Tim Gardener doesn’t often say good things about Australia. As an Englishman, it could have something to do with the cricketing rivalry between his homeland and one of the old colonies. But the former global CIO of Mercer and, before that, head of the company’s asset consulting business, openly claims that Australian superannuation funds deploy the best governance practices in the global pensions industry. “But there’s always more work to do,” he says. In a global market with no shortage of threats and crises, achieving good governance is the most pressing challenge for institutional investors, he says, if only because it can enable pension funds to weather uncertainty and perhaps even exploit the opportunities it creates.
The work involved in delivering good governance isn’t setting board structures and decision-making checklists: it’s maintaining the right combination of investment professionals and lay people who can both challenge industry norms with sound arguments and minimal arrogance, but also make good on their mistakes. He’s seen this in action. “Strong boards have investment experts, but also strong people from diverse backgrounds who aren’t investment experts.” He’s also witnessed governance train wrecks. These involve boards dominated by powerful individuals who do not entertain open questioning and debate. As a result, boards’ members feel coerced into signing off on important decisions. Gardener, who now heads consultant relations for AXA Investment Managers (AXA IM), says it’s easy for boards to pay lip service to the tenets of good governance, and appease regulators and stakeholders with board structures and cross-checks that give an outward appearance of fiduciary duty.

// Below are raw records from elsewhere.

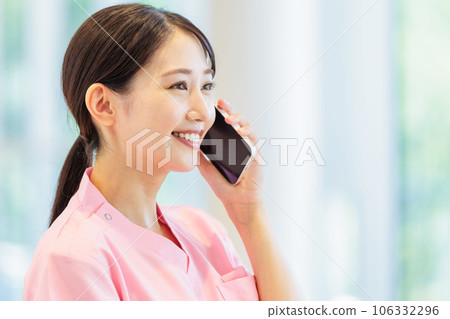 Medical worker making a call on a smartphone 106332296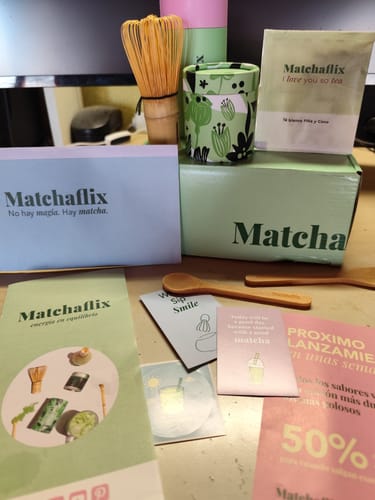 Un cliente muestra su pack de iniciación de Té Matcha Premium, con un batidor de bambú y varios envases de la marca sobre una mesa.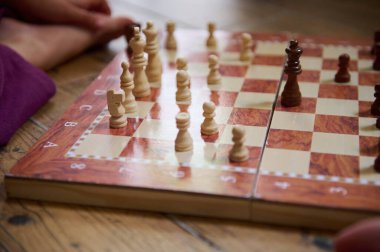 Oyunun yakın plan satrancı, oyun oyunundaki odak ve stratejiyi vurgulayarak, tahta bir tahtada stratejik parça düzenini gösteriyor.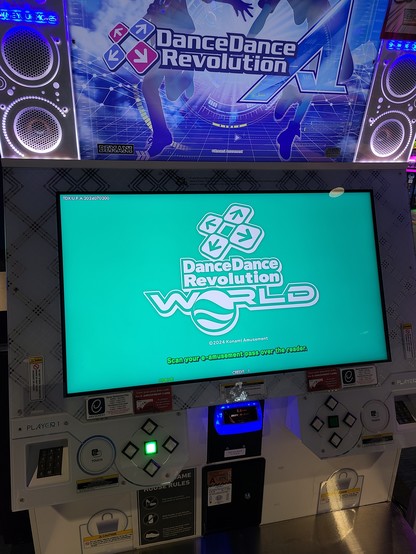 Photo of a dance dance revolution A arcade cabinet, showing the DDR World title screen. 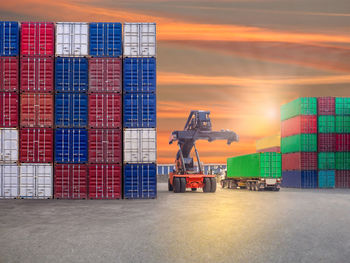 Vehicles by cargo containers at shipyard against sky during sunset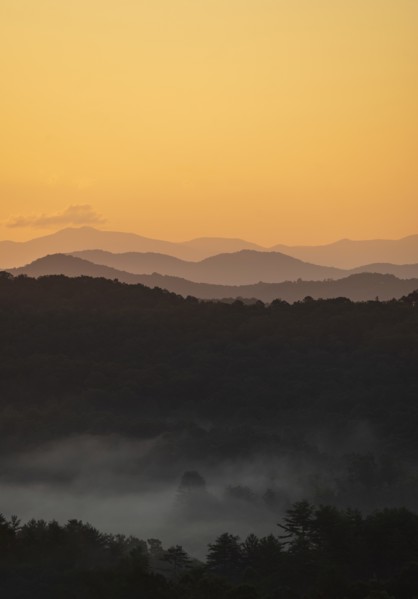 USA, Georgia, Orange sky above Blue Ridge Mountains at sunrise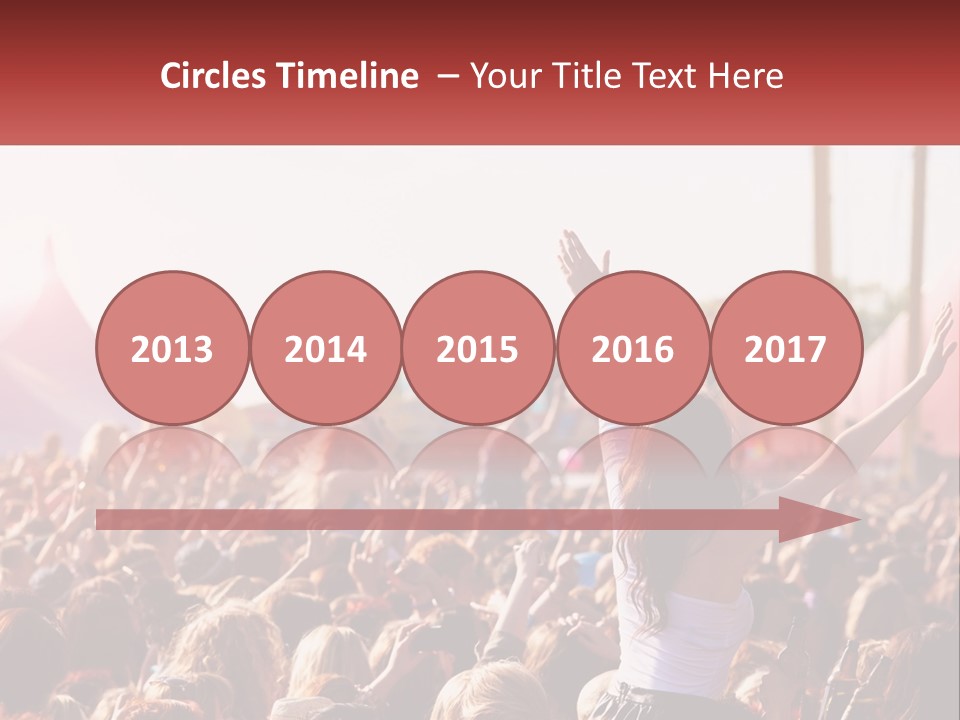 A Large Crowd Of People At A Music Festival PowerPoint Template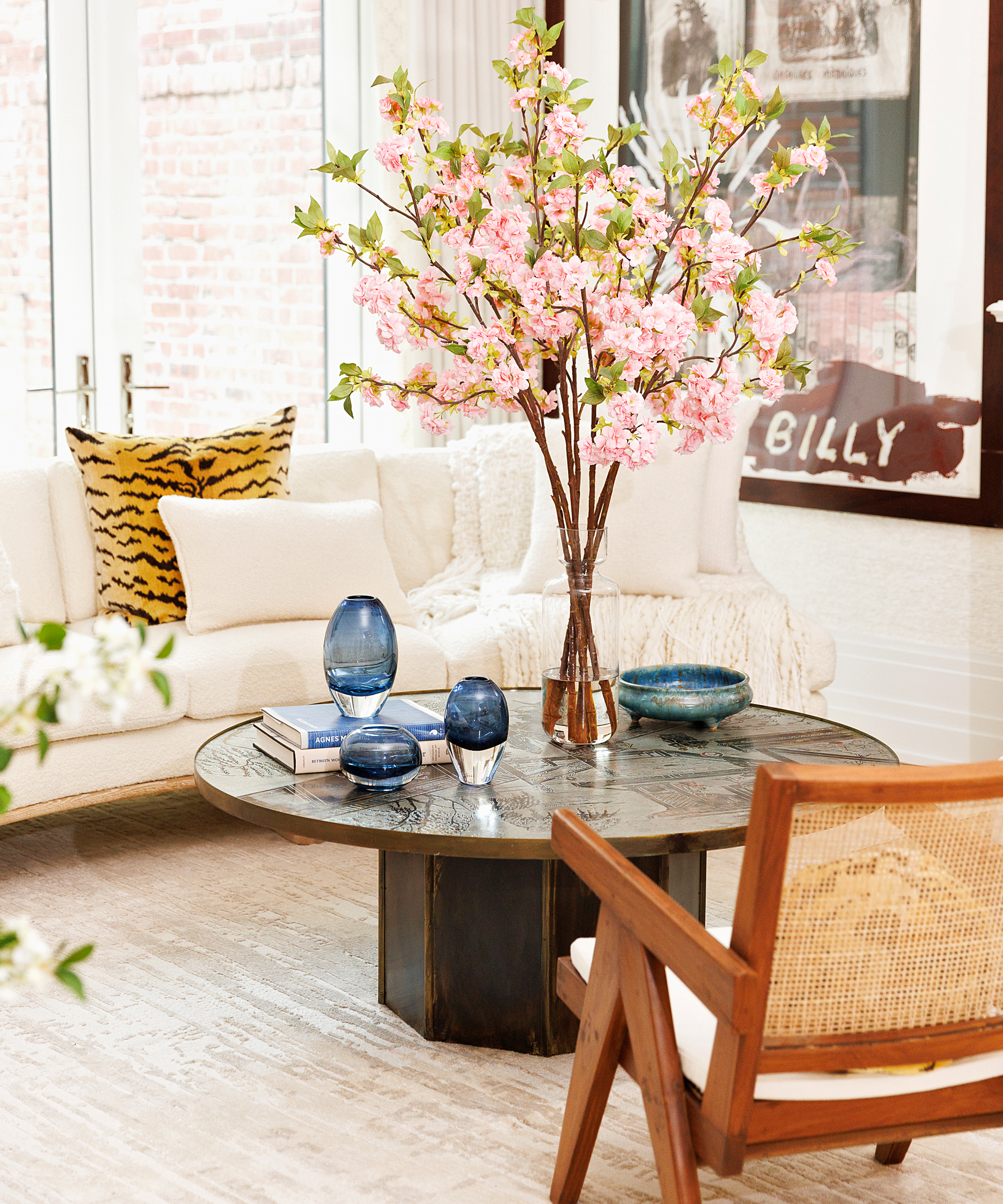 ashley-stark-home-tour-curved-white-couch-pink-flowers-sitting-area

What really matters, however, is “taking governance from a tick-allthe- boxes stage to having a process that makes good decisions”. “People don’t look at the composition of the investment committee and for conflicts of interest within the investment committee.” To help provide checks on dominant personalities, or groupthink among board members, funds should maintain a healthy “information disadvantage” between investment experts on boards and lay trustees who openly contest their views. Diversity – “groups of people who have different backgrounds, groups and beliefs” – is a crucial tenet of good governance, Gardener says. In the coming years, pension funds and their boards must be “adaptable” as global markets moved on from the relative stability of the past few decades.